DIRECTIONS FOR THIS TASK:
Without including pictures, set down every record exactly as it stands.

PROVIDED MATERIAL:
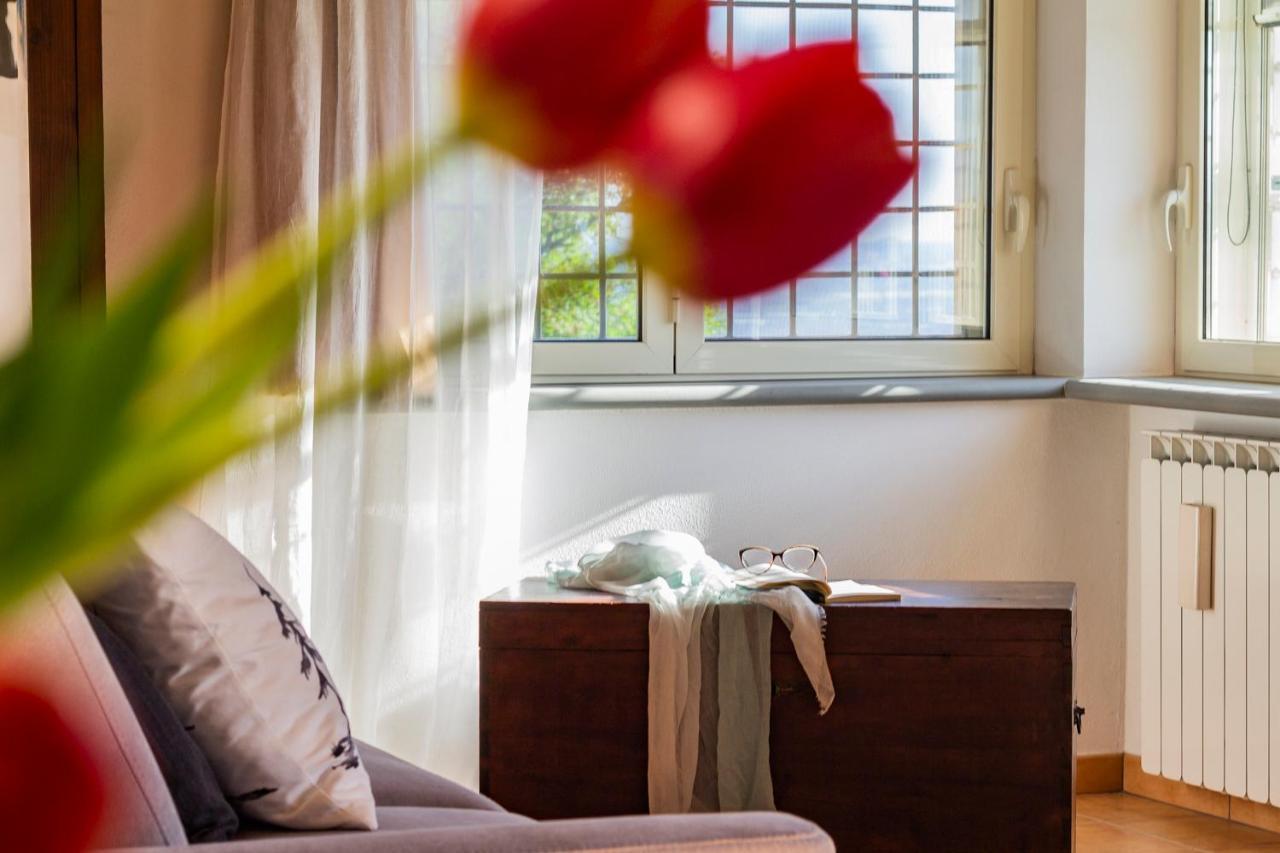 Casale Le Brecce B&B Otricoli Ngoại thất bức ảnh
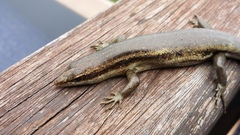 Trachylepis sechellensis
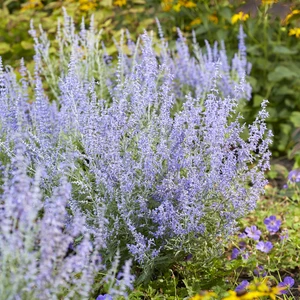 Picture Credit - Plantipp BV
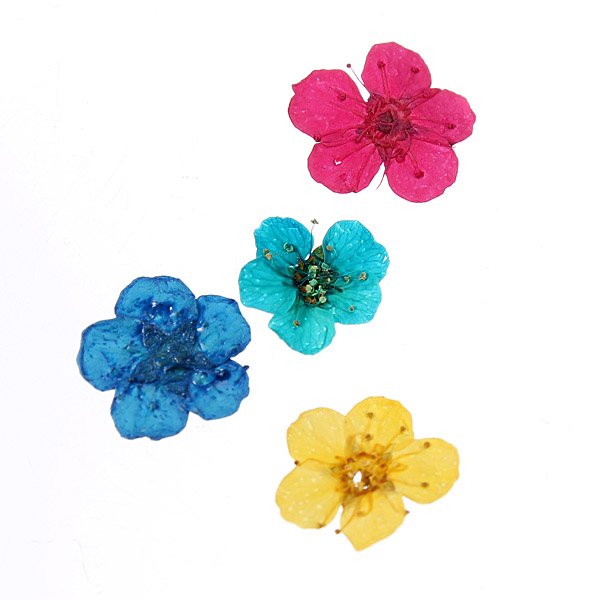 Dry Flower Acrylic UV Gel Nail Art Decoration Wheel DIY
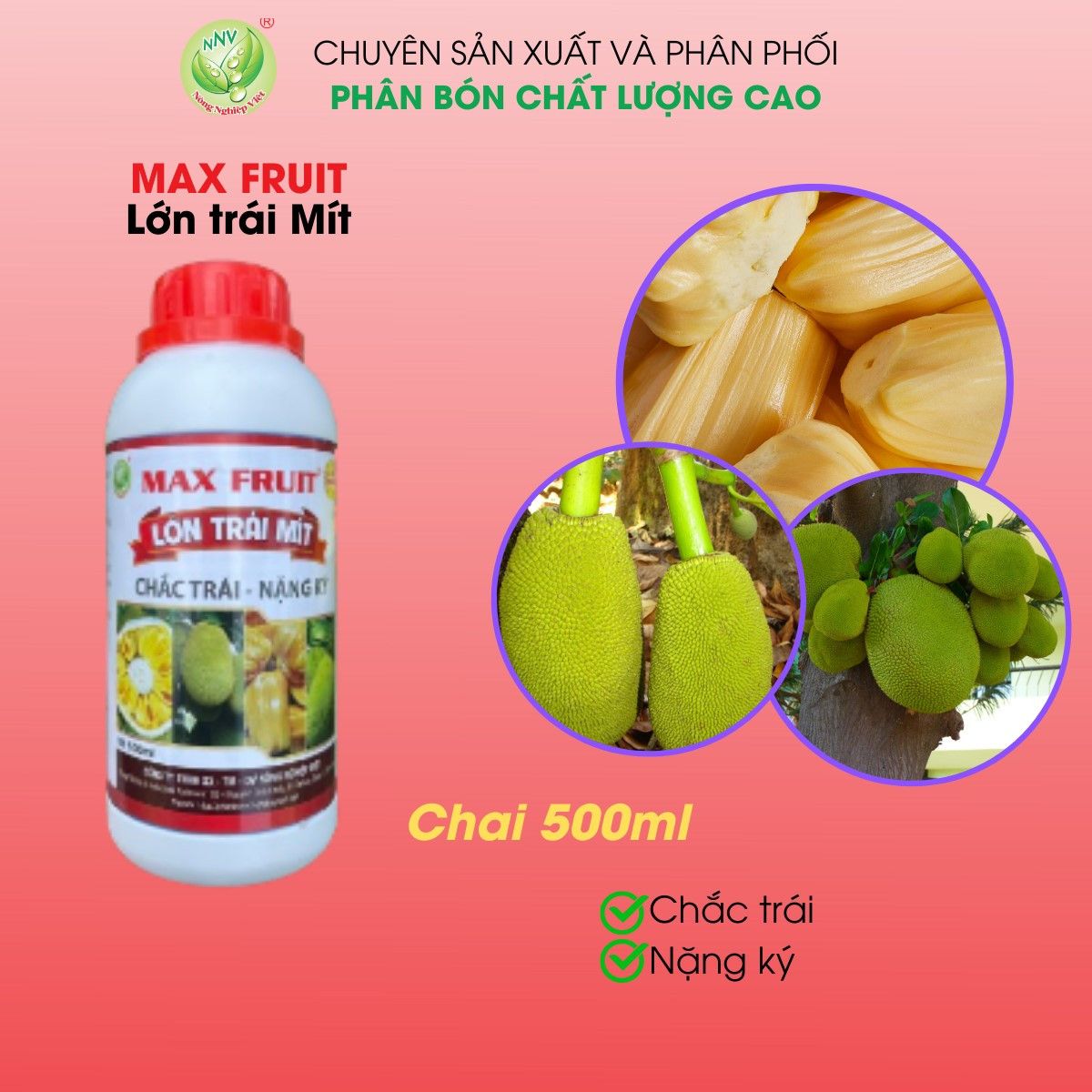Max fruit lớn trái mít 500ml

RESULT FOR THIS TASK:
 Casale Le Brecce B&B Otricoli Ngoại thất bức ảnh
 Trachylepis sechellensis
 Picture Credit - Plantipp BV
 Dry Flower Acrylic UV Gel Nail Art Decoration Wheel DIY
Max fruit lớn trái mít 500ml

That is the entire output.